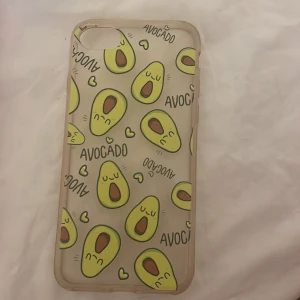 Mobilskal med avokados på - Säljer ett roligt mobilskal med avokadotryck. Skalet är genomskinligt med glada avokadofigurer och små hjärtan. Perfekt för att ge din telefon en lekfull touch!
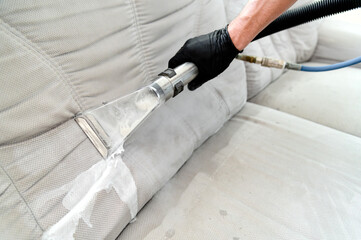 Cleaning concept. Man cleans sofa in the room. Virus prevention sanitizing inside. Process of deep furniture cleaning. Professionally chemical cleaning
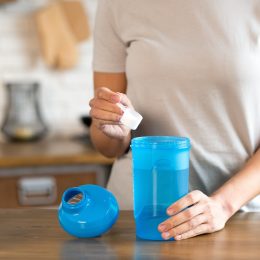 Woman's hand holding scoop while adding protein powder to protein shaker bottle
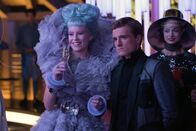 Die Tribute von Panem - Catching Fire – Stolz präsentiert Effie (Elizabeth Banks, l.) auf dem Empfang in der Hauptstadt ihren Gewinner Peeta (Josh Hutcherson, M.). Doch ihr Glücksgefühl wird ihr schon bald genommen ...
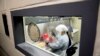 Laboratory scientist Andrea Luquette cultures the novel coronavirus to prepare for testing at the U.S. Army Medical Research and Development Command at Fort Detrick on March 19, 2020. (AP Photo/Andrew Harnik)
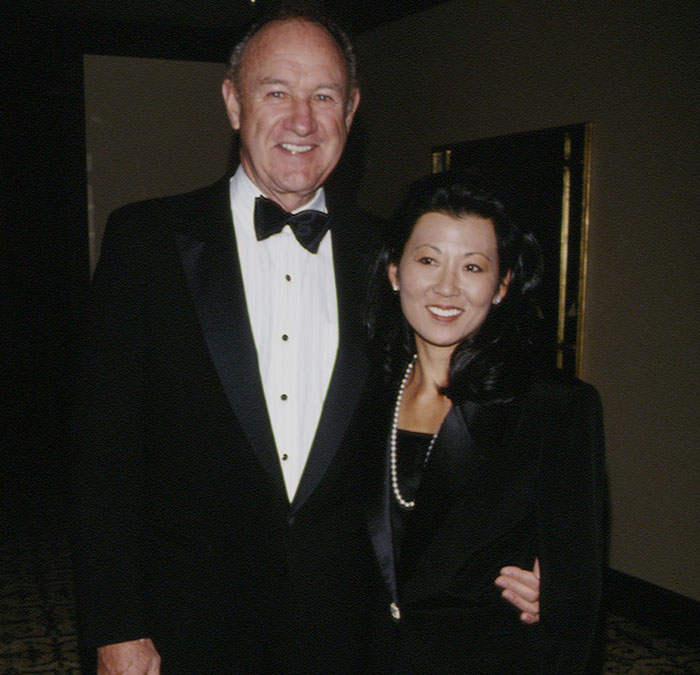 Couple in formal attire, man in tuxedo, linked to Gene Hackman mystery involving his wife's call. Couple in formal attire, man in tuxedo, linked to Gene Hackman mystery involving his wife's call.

* * *

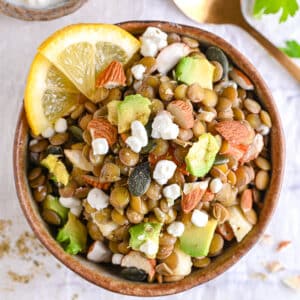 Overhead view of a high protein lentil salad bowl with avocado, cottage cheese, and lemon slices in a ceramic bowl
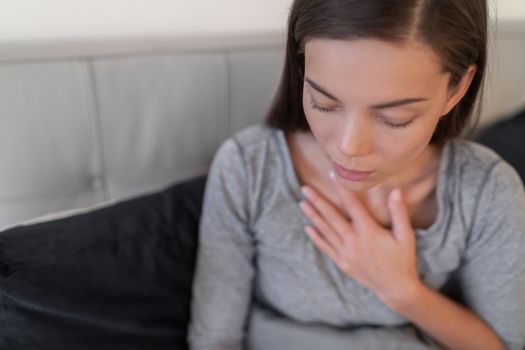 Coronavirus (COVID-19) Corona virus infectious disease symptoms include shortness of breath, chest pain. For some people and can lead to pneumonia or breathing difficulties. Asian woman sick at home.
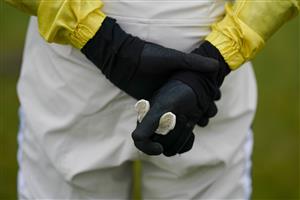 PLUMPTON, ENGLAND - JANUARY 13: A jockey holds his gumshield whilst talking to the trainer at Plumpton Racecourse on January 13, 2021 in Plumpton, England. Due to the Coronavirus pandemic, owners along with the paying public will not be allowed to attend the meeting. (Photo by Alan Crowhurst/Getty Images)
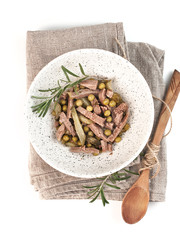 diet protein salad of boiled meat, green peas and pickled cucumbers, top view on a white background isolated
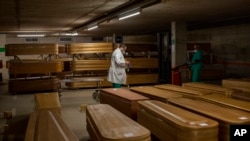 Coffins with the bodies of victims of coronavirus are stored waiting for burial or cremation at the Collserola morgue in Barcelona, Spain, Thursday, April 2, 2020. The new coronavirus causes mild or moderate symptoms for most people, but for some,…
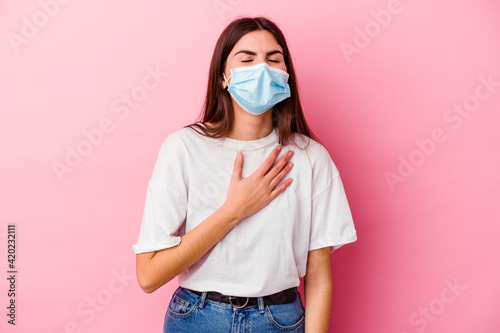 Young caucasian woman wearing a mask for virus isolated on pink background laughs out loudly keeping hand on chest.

*Exercise description*
Copy only these lines from the records above, exactly: the one with "Mobilskal med avokados", the one with "Woman's hand holding", and those between. Skip the pictures.

*Exercise result*
 Mobilskal med avokados på - Säljer ett roligt mobilskal med avokadotryck. Skalet är genomskinligt med glada avokadofigurer och små hjärtan. Perfekt för att ge din telefon en lekfull touch!
 Cleaning concept. Man cleans sofa in the room. Virus prevention sanitizing inside. Process of deep furniture cleaning. Professionally chemical cleaning
 Woman's hand holding scoop while adding protein powder to protein shaker bottle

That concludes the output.